Un algorithme pourrait-il devenir féministe un jour ? Peut-être. En tout cas, pour l’heure, celui de Facebook et Instagram (du groupe Meta) est misogyne et sexiste. C’est ce qu’explique une étude de plusieurs journalistes australiens qui se sont penchés sur le sujet. Et la conclusion est plutôt inquiétante.
Afin d’analyser l’impact des algorithmes sur notre utilisation des réseaux sociaux, un groupe d’étude a décidé de créer plusieurs faux profils de jeunes hommes âgés de 24 ans sur Instagram et Facebook. Le dessein était d’observer quel genre de contenu serait initialement montré à ces nouveaux utilisateurs totalement neutres.

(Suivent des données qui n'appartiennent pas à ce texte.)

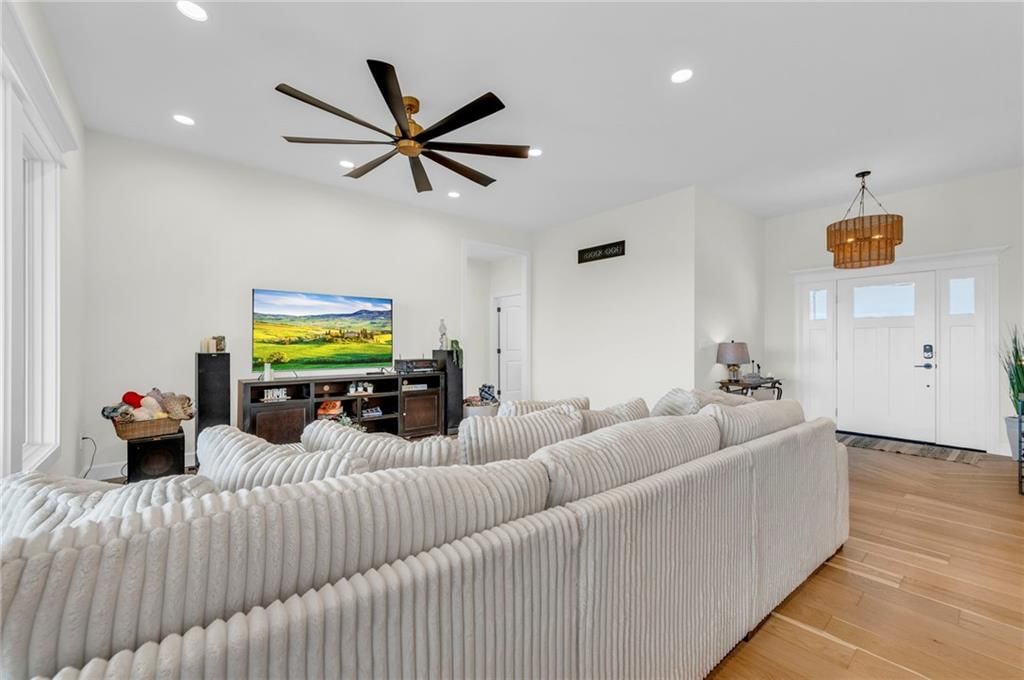 7878 SW F Highway — photo 10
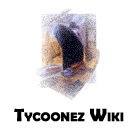 Logo of Tycoonez Wiki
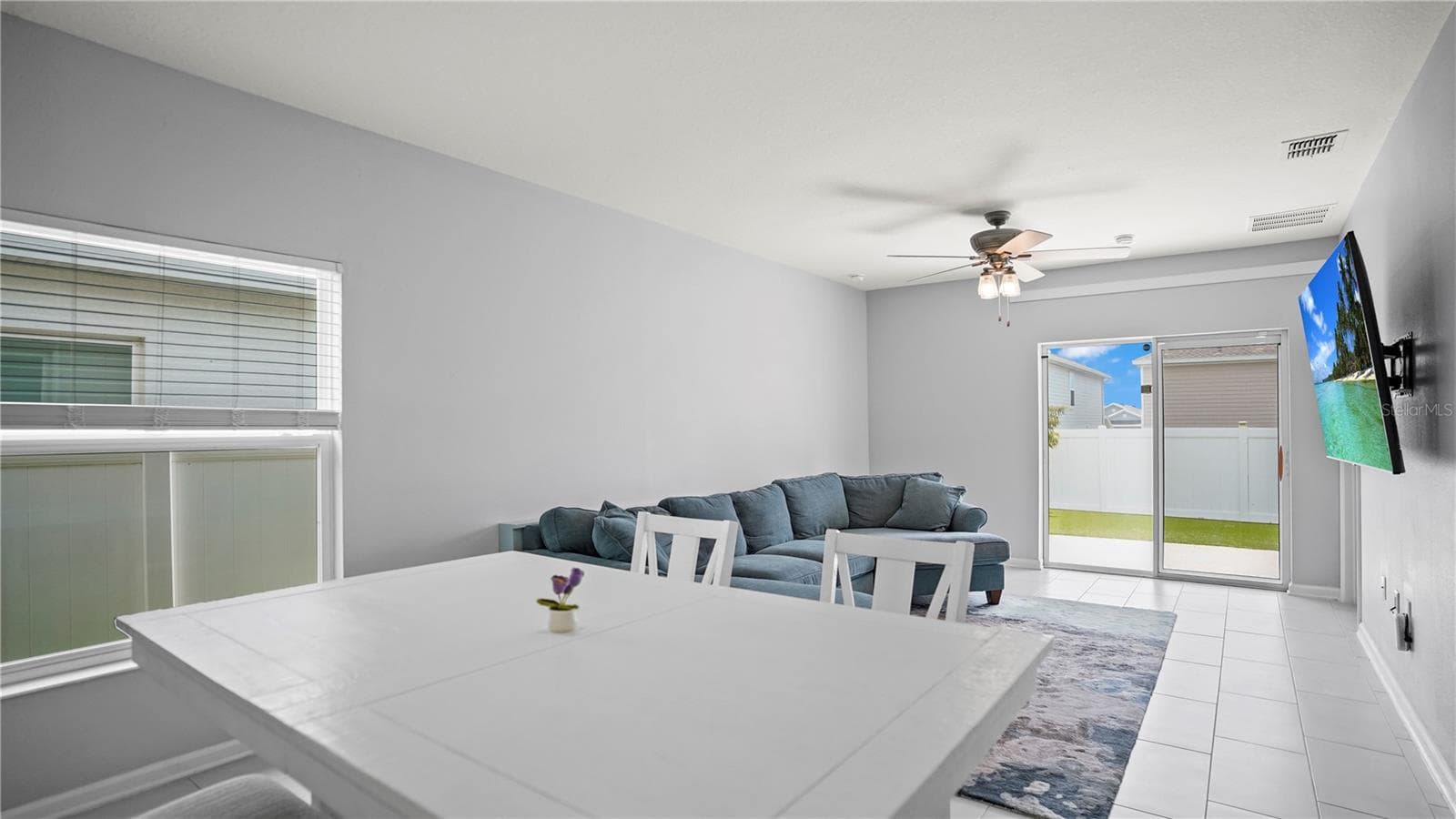 Single Family Residence at 6943 WILSON PASTURE AVE, GROVELAND, photo 17 of 74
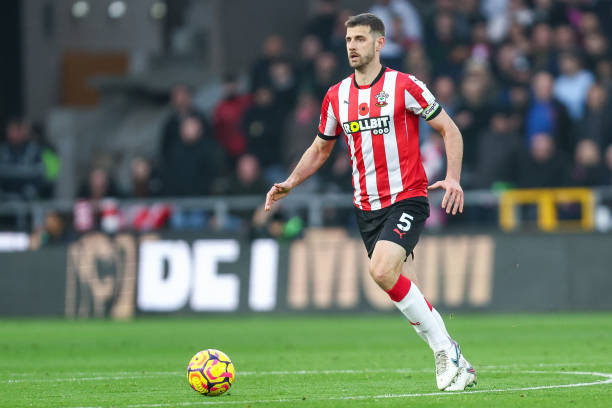 新的期待 新的期待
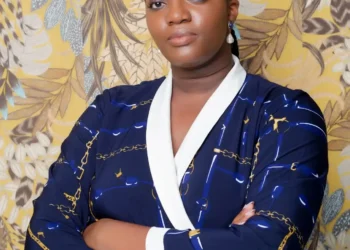 Article proposé par Daniele Mekuate NONO, fondatrice de l'agence de communication All Smart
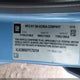 KL8CB6S97FC752154 2015 Chevrolet Spark Ls Cvt auction photo thumbnail 9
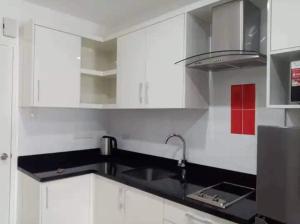 Kandi Palace 10th floor Netflix Free Maid 55sqm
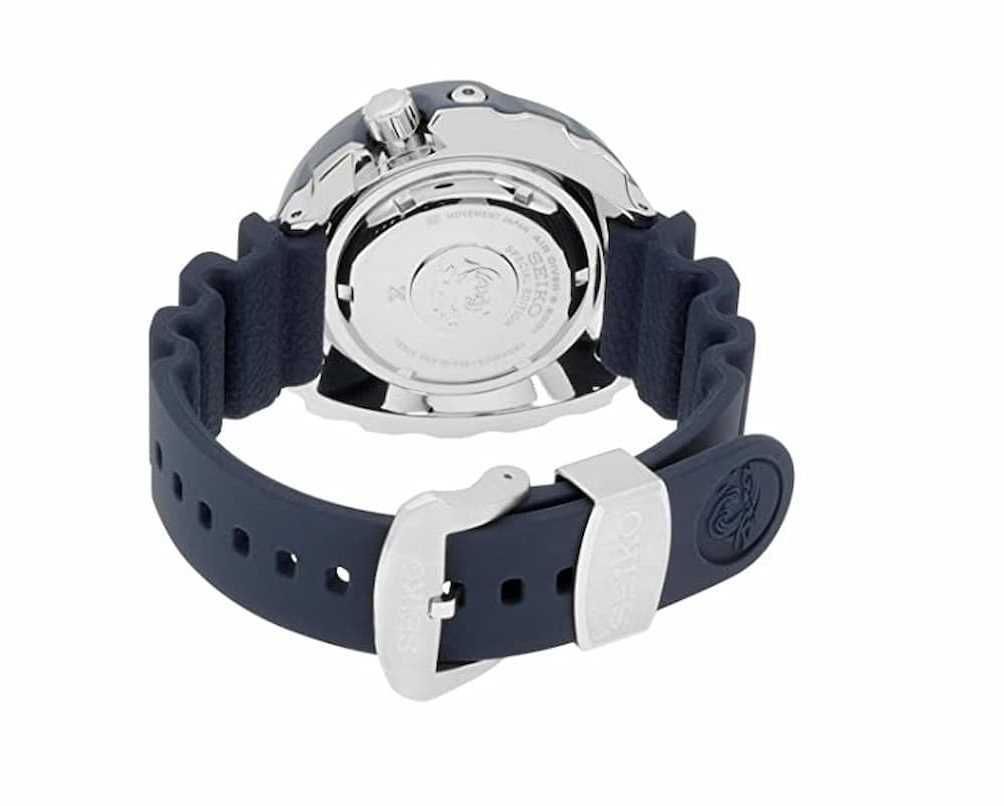 Seiko Prospex Blue Men's Watch - SRPA83J1 for sale online | eBay Seiko Prospex Blue Men's Watch - SRPA83J1 for sale online | eBay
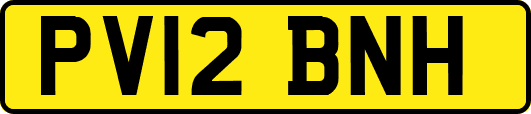 PV12BNH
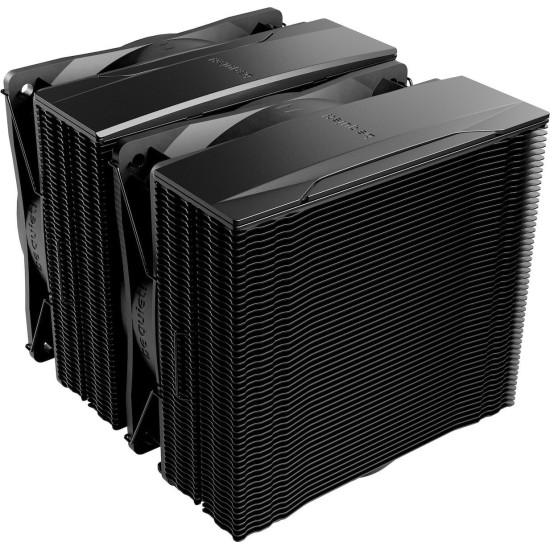 Be Quiet Pure Rock Pro 3 LX (BK043)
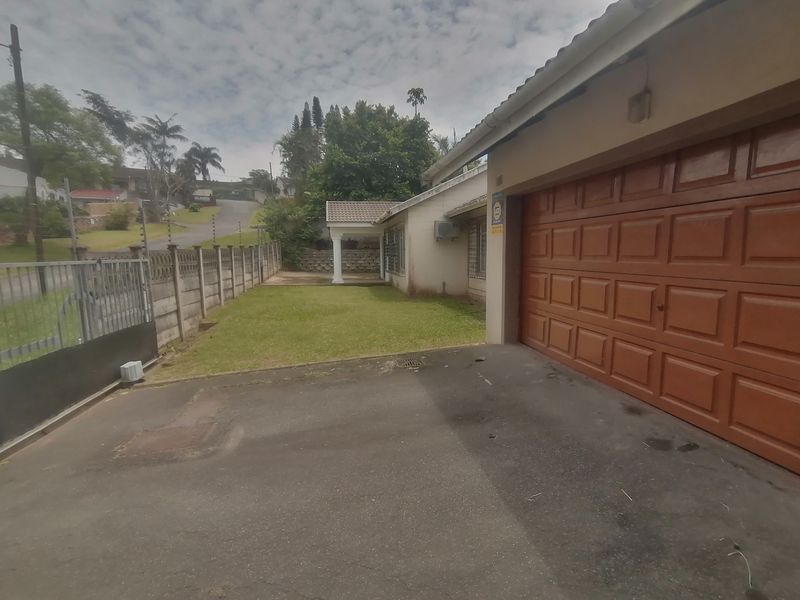 Dream Family Home Awaits in New Germany! - Photo 5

Ces comptes imaginaires n’étaient pas en contact initial avec les plateformes. Les chercheurs se sont servis de téléphones portables non liés à des comptes antérieurs. Et les résultats sont sans appel : pour ces primo-usagers d’Instagram et Facebook, en trois jours l’algorithme leur propose des contenus stéréotypés, puis sexistes et misogynes. Et tout ça, gratuitement et sans effort.
« Leurs propres choix »… Ou pas
Dans sa présentation à l’enquête du Parlement fédéral sur les médias sociaux, Meta déclarait utiliser « une gamme d’algorithmes différents » pour aider à classer le contenu affiché dans les flux sur Facebook et Instagram, certains aidant « à comprendre quel contenu est le plus significatif pour les gens afin que nous puissions l’ordonner en conséquence dans leurs flux », comme le rapporte The Guardian.
Meta déclarait que ce que les gens voient est « fortement influencé par leurs propres choix et actions » et que « le fil d’actualité de chaque personne est hautement personnalisé et spécifique ». « Notre système de classement personnalise le contenu pour plus d’un milliard de personnes et vise à montrer à chacune d’entre elles le contenu que nous espérons le plus précieux et le plus significatif, chaque fois qu’elles viennent sur Facebook ou Instagram. »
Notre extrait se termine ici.